DATA RECORDS:
┌──

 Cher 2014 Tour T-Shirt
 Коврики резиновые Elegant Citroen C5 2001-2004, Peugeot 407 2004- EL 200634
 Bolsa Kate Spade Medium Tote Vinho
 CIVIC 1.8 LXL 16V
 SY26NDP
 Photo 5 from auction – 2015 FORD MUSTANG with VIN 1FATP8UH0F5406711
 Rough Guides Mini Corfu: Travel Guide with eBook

└──
┌──

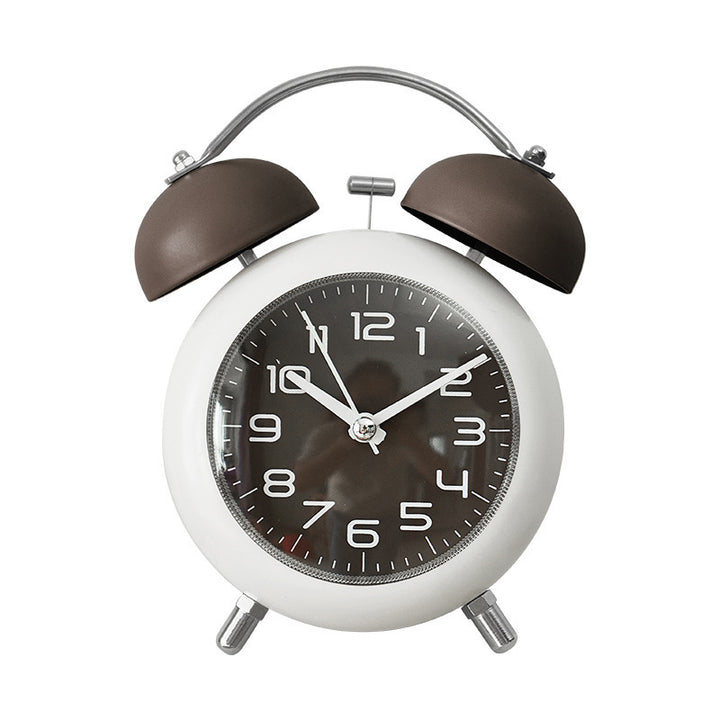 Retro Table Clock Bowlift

└──

WORK REQUIRED: Which lines above run from the one containing "Cher 2014 Tour T-Shirt" to the one containing "Rough Guides Mini"? Give them again exactly, both ends included.

EXERCISE SOLUTION:
 Cher 2014 Tour T-Shirt
 Коврики резиновые Elegant Citroen C5 2001-2004, Peugeot 407 2004- EL 200634
 Bolsa Kate Spade Medium Tote Vinho
 CIVIC 1.8 LXL 16V
 SY26NDP
 Photo 5 from auction – 2015 FORD MUSTANG with VIN 1FATP8UH0F5406711
 Rough Guides Mini Corfu: Travel Guide with eBook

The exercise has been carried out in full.